Kurze Fakten
Wirksamkeit:★★★★☆
Sicherheit: ★★★★★
Preis-Leistungs-Verhältnis: ★★★★☆
Wissenschaftliche Forschung: ★★★★☆
Für Hauttyp: Alle Hauttypen, hervorragend geeignet für empfindliche Haut
Typ: Hydriertes Curcuminoid, ein natürliches Derivat aus Kurkuma
Hauptfunktion: Anti-Tyrosinase, antioxidativ, entzündungshemmend
Geeignet für: Für alle Hauttypen geeignet, ideal für Personen mit Hydrochinon-Unverträglichkeit
Was ist Tetrahydrocurcumin: Definition und Ursprung
Die unsichtbare Kurkuma: Aufhellung ohne Pigmente
Tetrahydrocurcumin ist ein farbloses Naturprodukt, das durch Hydrierung gelber Curcuminoide aus Kurkuma gewonnen wird. Während herkömmliches Kurkuma eine charakteristische orange Farbe aufweist und sich daher nicht für die Aufhellung kosmetischer Formulierungen eignet, ist Tetrahydrocurcumin völlig farblos und behält dabei alle positiven Eigenschaften des Ausgangsmoleküls.
Molekularformel von Tetrahydrocurcumin
Natürliche Biotransformation von Kurkuma
Tetrahydrocurcumin ist das natürliche Produkt der Curcumin-Biotransformation im menschlichen Körper. Beim Verzehr von Kurkuma wandelt die Leber dieses in Tetrahydrocurcumin um, die biologisch aktive Form. Die topische Anwendung von hochreinem Tetrahydrocurcumin stellt diese optimierte Form direkt zur Verfügung und umgeht so den Verdauungsprozess.

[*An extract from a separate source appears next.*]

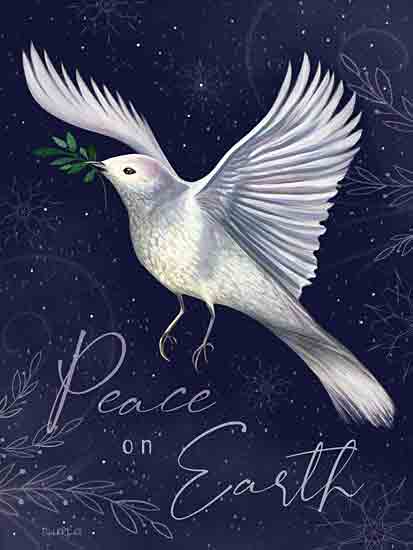 Elizabeth Tyndall ET272 - ET272 - Peace and Joy Dove - 12x16 Christmas, Holidays, Bird, Dove, Peace on Earth, Typography, Signs, Textual Art, Winter, Patterns, Bird in Flight, Olive Branch from Penny Lane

Wie Tetrahydrocurcumin auf die Haut wirkt
Dreifache Hemmung der Melanogenese
Tetrahydrocurcumin hemmt die Melaninproduktion über drei sich ergänzende Mechanismen: Es hemmt direkt das Enzym Tyrosinase, blockiert die Aktivierung der an der Melanozytenproliferation beteiligten Proteinkinase C und unterdrückt Wachstumsfaktoren, die die Melanogenese stimulieren. Dieser Ansatz mit mehreren Zielstrukturen ist wirksamer als die Hemmung einzelner Faktoren.
Duales antioxidatives Bioprotektor
Hochreines Tetrahydrocurcumin bietet antioxidativen Schutz durch seine zweifache Wirkung: Es beugt der Bildung freier Radikale vor und neutralisiert bereits gebildete. Diese doppelte Wirkung schützt die Hautzellen vor UV-Schäden und den daraus resultierenden Entzündungen und erzielt neben einer einfachen Aufhellung weitere positive Effekte. Es ist wirksamer als Vitamin E bei der Hemmung der Lipidperoxidation.
Überlegenheit gegenüber anderen natürlichen Aufhellern
In-vitro-Studien belegen, dass Tetrahydrocurcumin die Tyrosinase wirksamer hemmt als Kojisäure, 40%iges Glabridin aus Süßholz und Vitamin C. Diese Überlegenheit führt zu klinischen Ergebnissen, die mit 4%igem Hydrochinon vergleichbar sind, jedoch mit einem ausgezeichneten Sicherheitsprofil.
Wofür Tetrahydrocurcumin verwendet wird: Lösung von Hautproblemen
Klinische Ergebnisse: Wirksamkeit gleichwertig mit Hydrochinon, jedoch ohne Nebenwirkungen
In einer randomisierten Doppelblindstudie mit 50 Probanden wurde Tetrahydrocurcumin mit 4%igem Hydrochinon verglichen. Nach vier Wochen zeigte sich bei beiden Präparaten eine signifikante Reduktion der Pigmentierung (gemessen mit dem Mexameter), jedoch ohne statistisch relevante Unterschiede. Der entscheidende Unterschied: 0 % Nebenwirkungen unter Tetrahydrocurcumin gegenüber 50 % unter Hydrochinon.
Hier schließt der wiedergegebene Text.